Scraped caption text data:
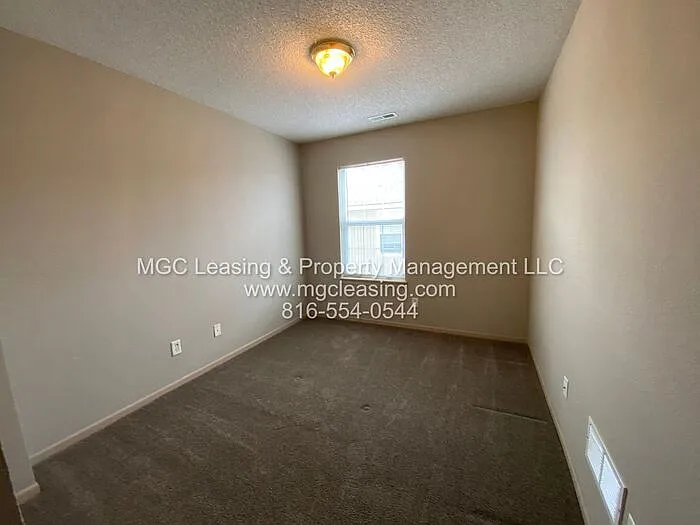 908 Garden Way — Photo 11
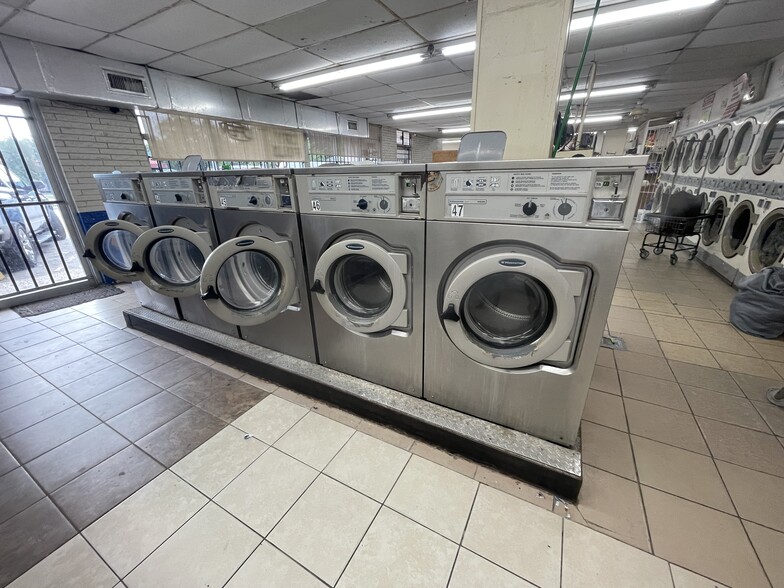 655 Rouse St, Houston, TX for sale - Building Photo - Image 3 of 10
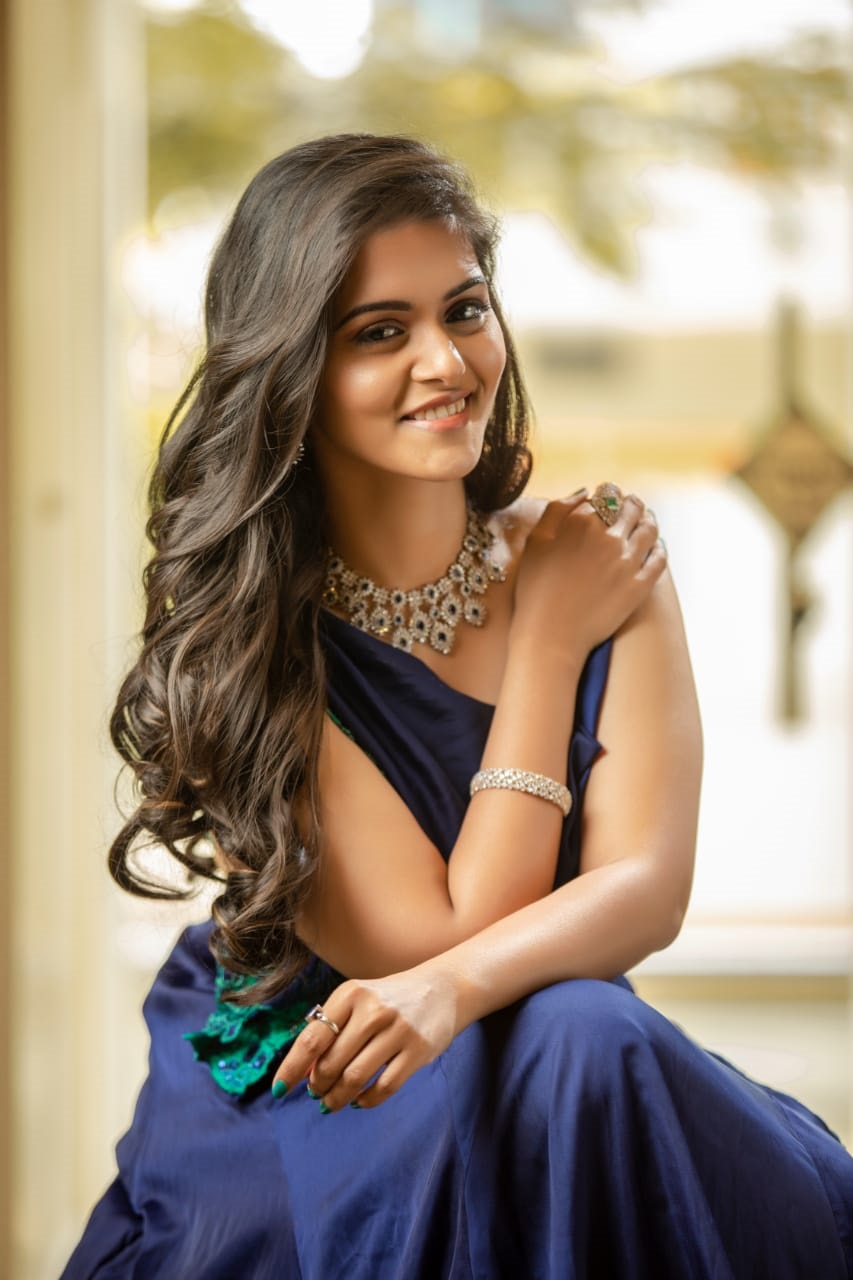 Swathishta Latest Sizzling Photos
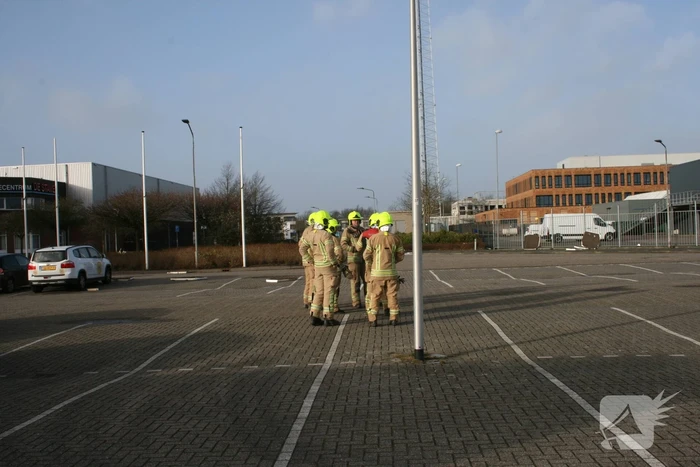 Dak waait deel van pand door storm Eunice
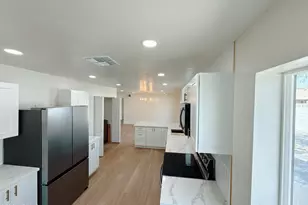 4424 W Flower St, Phoenix, AZ 85031 - Photo 14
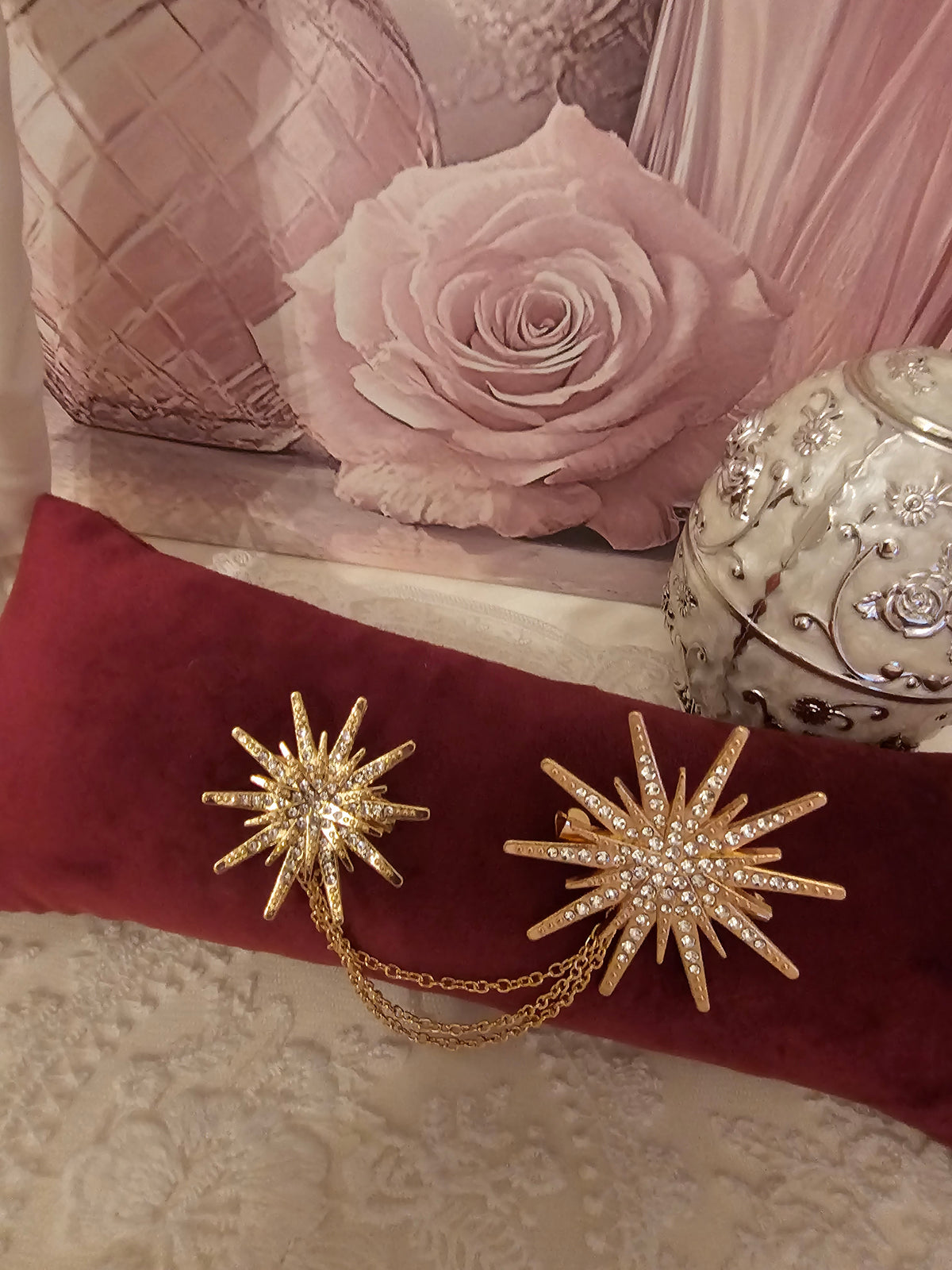 Ladies Classy Double Gold Diamonte Starburst with attached Chain Brooch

TASK TO COMPLETE
Transcribe every record above exactly as written, leaving out any pictures.

TASK SOLUTION
 908 Garden Way — Photo 11
 655 Rouse St, Houston, TX for sale - Building Photo - Image 3 of 10
 Swathishta Latest Sizzling Photos
 Dak waait deel van pand door storm Eunice
 4424 W Flower St, Phoenix, AZ 85031 - Photo 14
 Ladies Classy Double Gold Diamonte Starburst with attached Chain Brooch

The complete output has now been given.